Wenn man in eben diesem Midori Browser mal die YouTube Homepage aufruft und ein Video schauen will, erinnert man sich schlagartig wieder daran, dass der Pi einen ARM Prozessor hat und es dafür wohl kein Flash Plugin gibt. Und ein Aufruf der URL http://youtube.com/html5 bringt leider auch nur zu Tage, dass der Browser keinerlei HTML5 Video Features unterstützt. Werde also jetzt mal recherchieren, wie man dennoch Videos in Webseiten auf dem Raspberry Pi abspielen kann. Schließlich wird ja damit geworben, dass er Full HD kann und andere Projekte (z.B. Firefox OS) zeigen, dass er sogar bis zu 60 fps kann.

Webserver / LAMP

Das Kommando apachectl erkannte das installierte Debian Wheezy leider nicht, also scheint der httpd, der Apache Webserver, nicht installiert zu sein. Wäre aber extrem praktisch. PHP müsste natürlich auch laufen. Und vielleicht sogar MySQL. Muss ich alles mal raussuchen, was es da für die ARMv6 Architektur gibt. Dieser Link scheint ein guter Start zu sein.

Input/Output

Und nicht zuletzt ist der Pi natürlich ein Gerätchen zum basteln und experimentieren. Ähnlich dem Arduino.
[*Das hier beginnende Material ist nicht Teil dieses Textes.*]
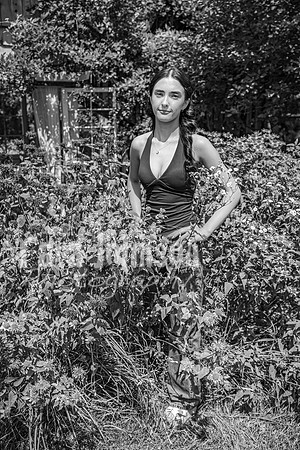 Margret Van Netten @ Terraces Flower Farm (BW-B) - TJP (4 of 100)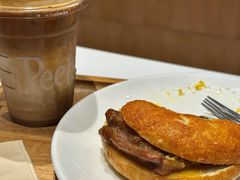 -Peet's 皮爷咖啡(海雅缤纷城店)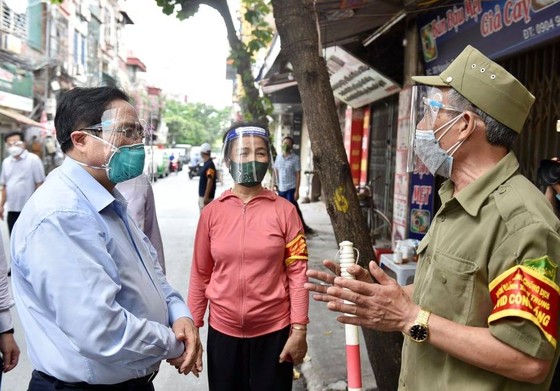 Thủ tướng kiểm tra bệnh viện dã chiến hiện đại điều trị Covid-19 và thị sát "điểm nóng" ở Hà Nội ảnh 5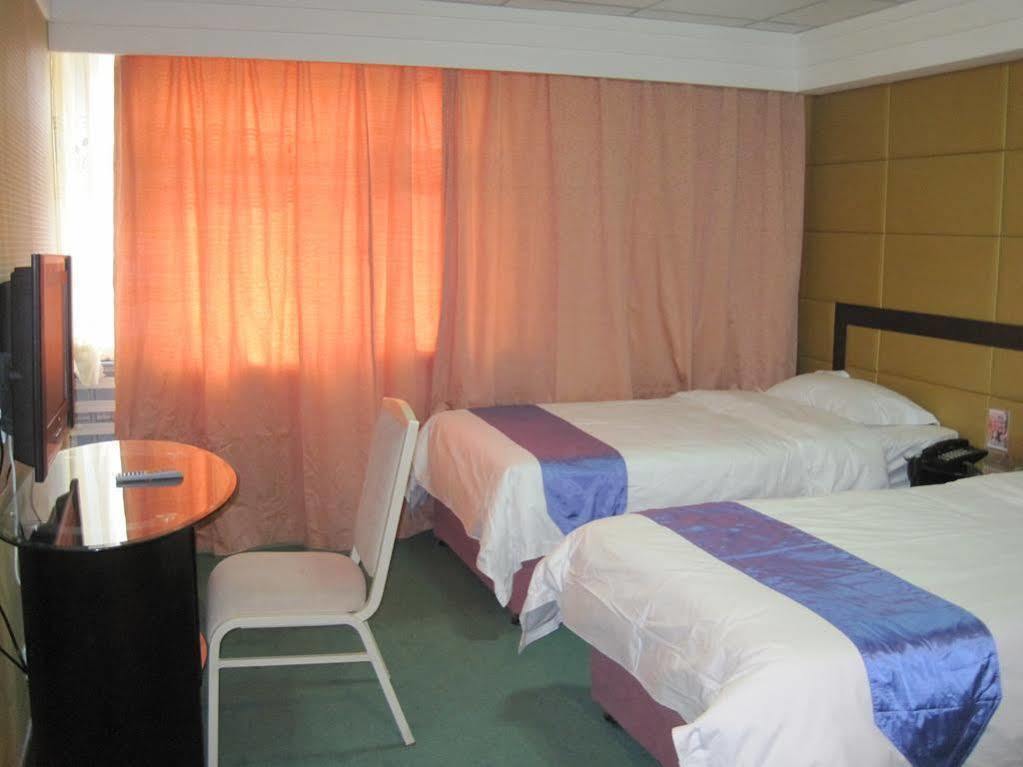 Tianzhi Hotel Harbin Esterno foto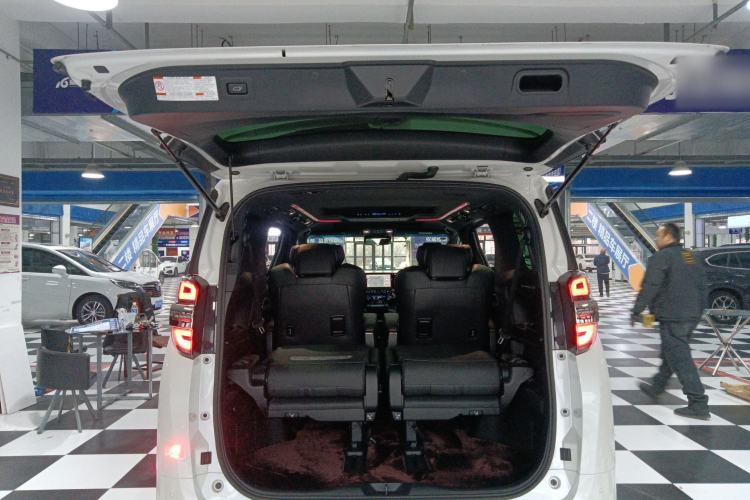 Used Toyota Vellfire 2021 Crown Dual-Engine 2.5L HV Supreme Edition
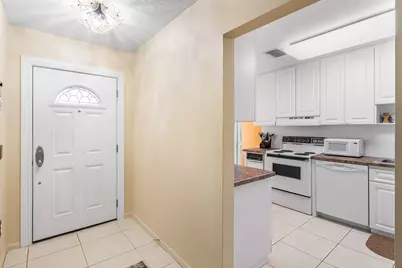 29 Stratford Lane West #Unit B, Boynton Beach, FL 33436 - Photo 6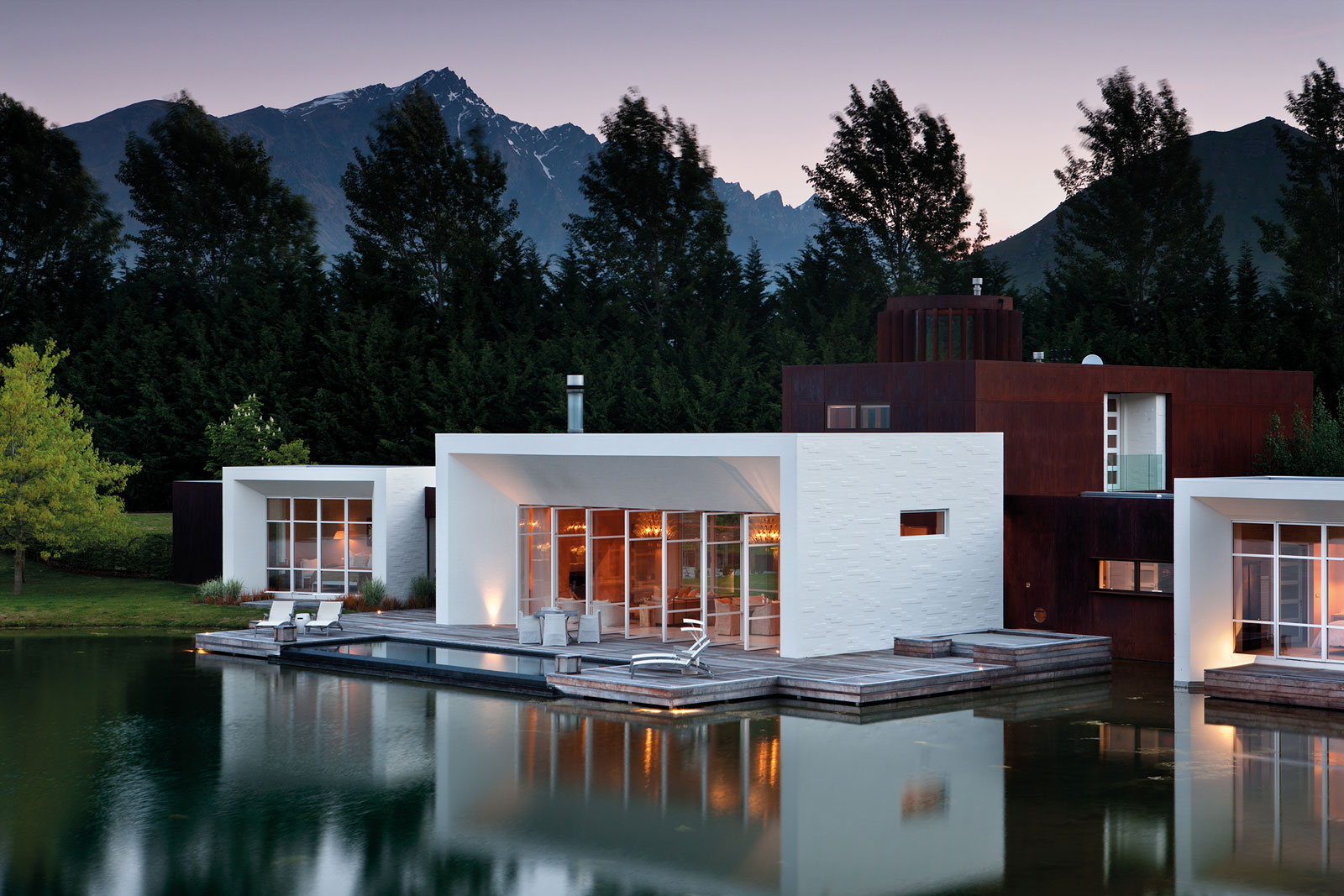 Swan Lake, Queenstown. Landscape design by Suzanne Turley Landscapes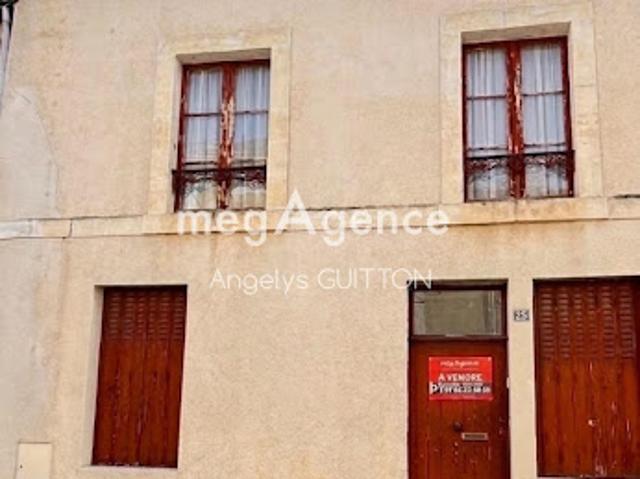 Vente Maison 5 pièces 90 m2 Beaumont sur Sarthe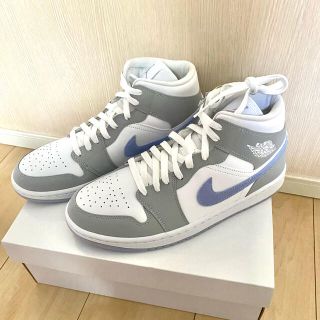 ナイキ(NIKE)のNIKE WMNS AIR JORDAN 1 MID WOLF GREY (スニーカー)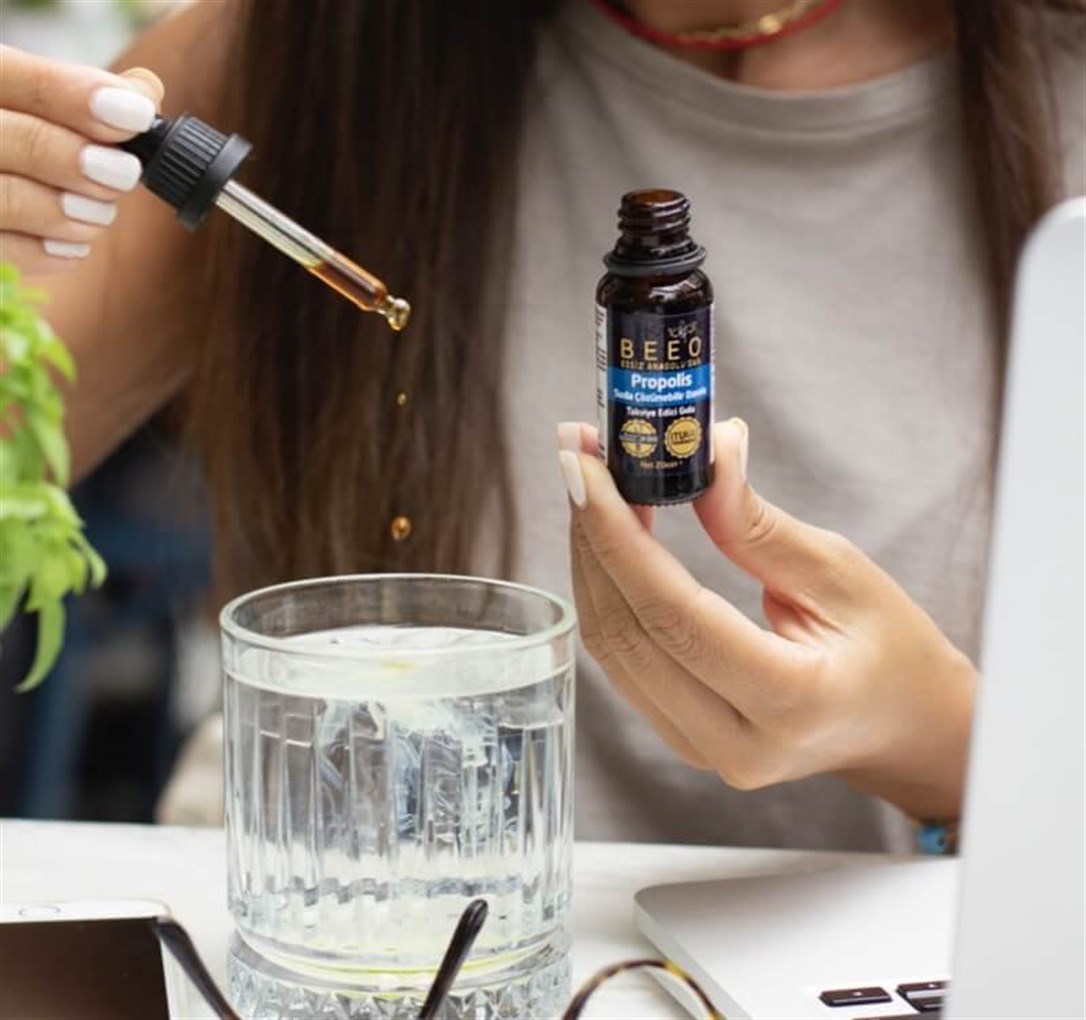 Beeo Active Propolis Suda Çözünür 2 Adet Damla 20 Ml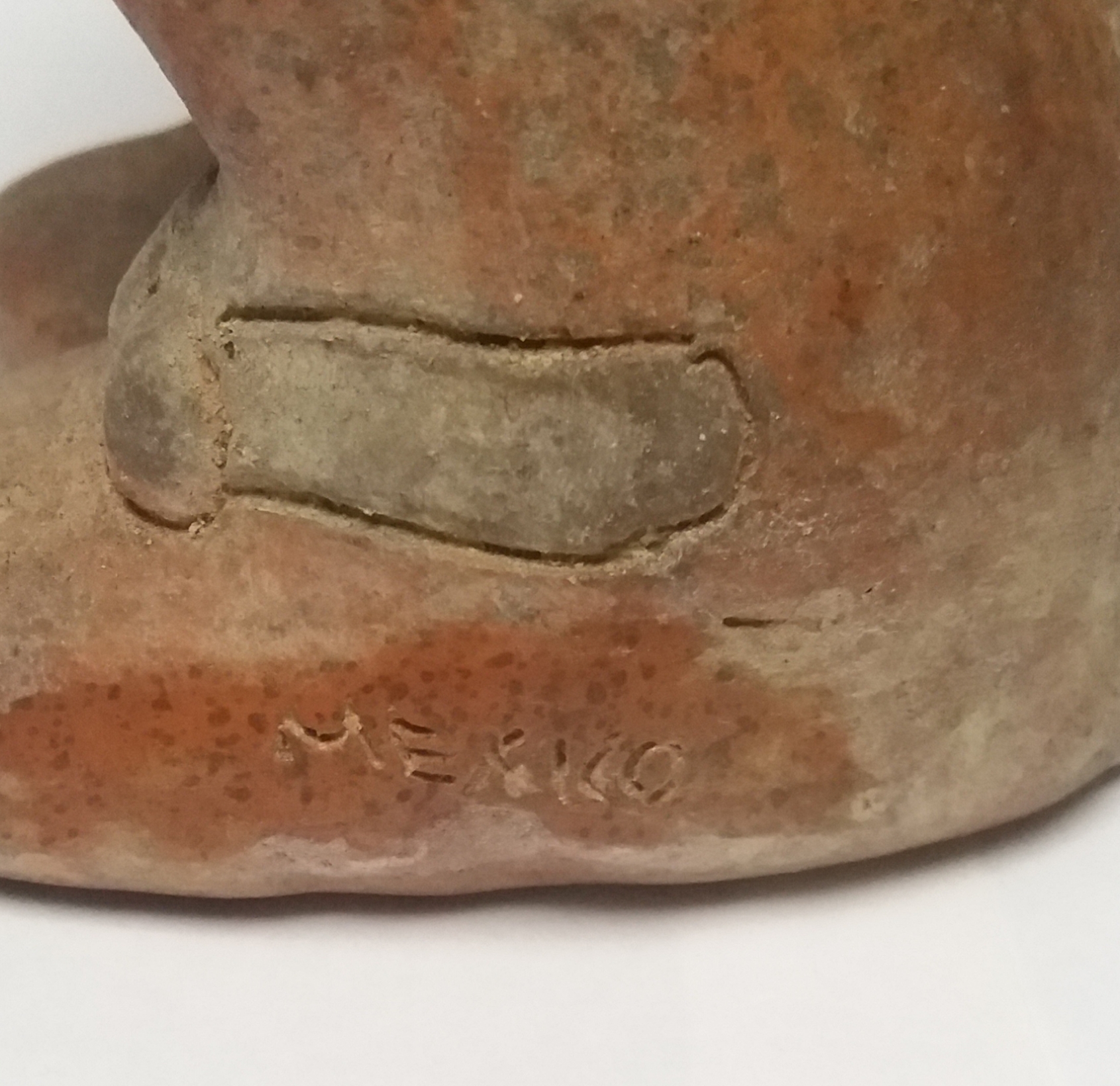 Niet of onleesbaar gesigneerd - vintage Mexicaans terracotta beeld van een water wijn Drager . kopen? Bied vanaf 1!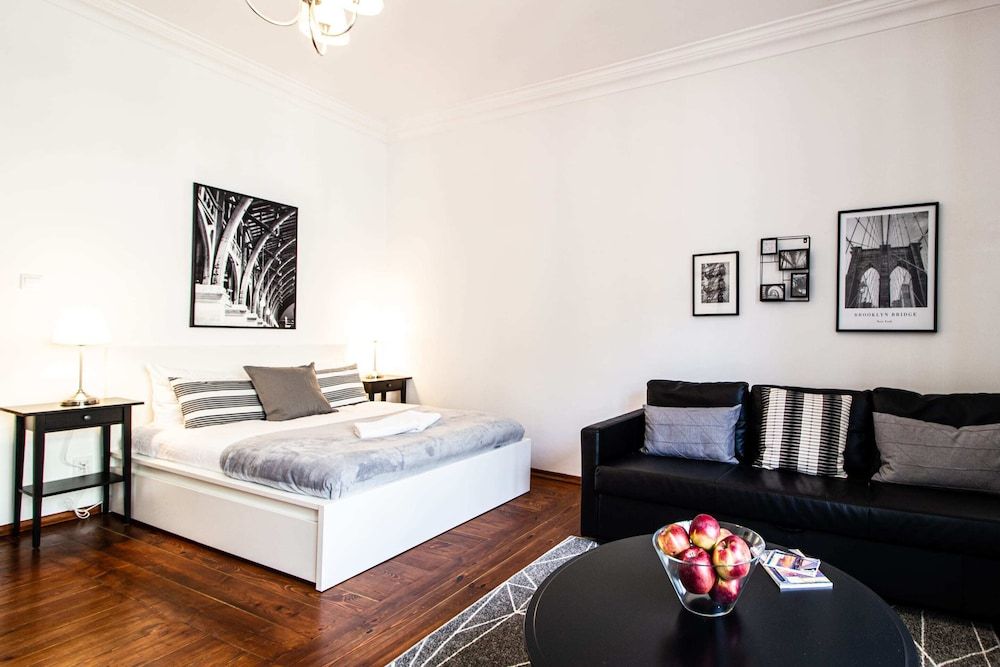 undefined Powisle Superior Apartment 9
Er hat eine Stiftleiste mit Inputs und Outputs. Bin gespannt, wie man den Pi programmiert und diese Ports anspricht. Immerhin scheinen Entwicklungstools schon “von Haus aus” (also mit der Raspbian-Installation) gekommen zu sein.

Software installieren

Ein kleines Tool zum erzeugen von Screenshots habe ich schon installiert. Dank des laufenden SSH Servers (kann man in raspi-config aktivieren) lebt der Pi nicht mehr in einer Insel, sondern kann von allen anderen Rechnern besucht werden. Und man kann Dateien (zum Beispiel angelegte Screenshots) runterkopieren und alles mit ihnen machen, was mman heutzutage so macht, z.B. twittern. 😉
Apropos Twitter: ob’s einen Twitter Client für ARMv6 gibt? Mal suchen.

Spaß

Es gibt schon zahlreiche Plastik-casings für den RasPi zu kaufen, z.B. das hübsche Pibow. Sicher gibt es auch open source Files für 3D Printer irgendwo herunterzuladen.
Aus dem RasPi einen richtigen kleinen Arcade Spielautomaten machen geht auch! Dazu gab es dieses super Kickstarter Projekt, was ich aber zu spät bemerkte, so dass ich es nicht mehr unterstützen konnte.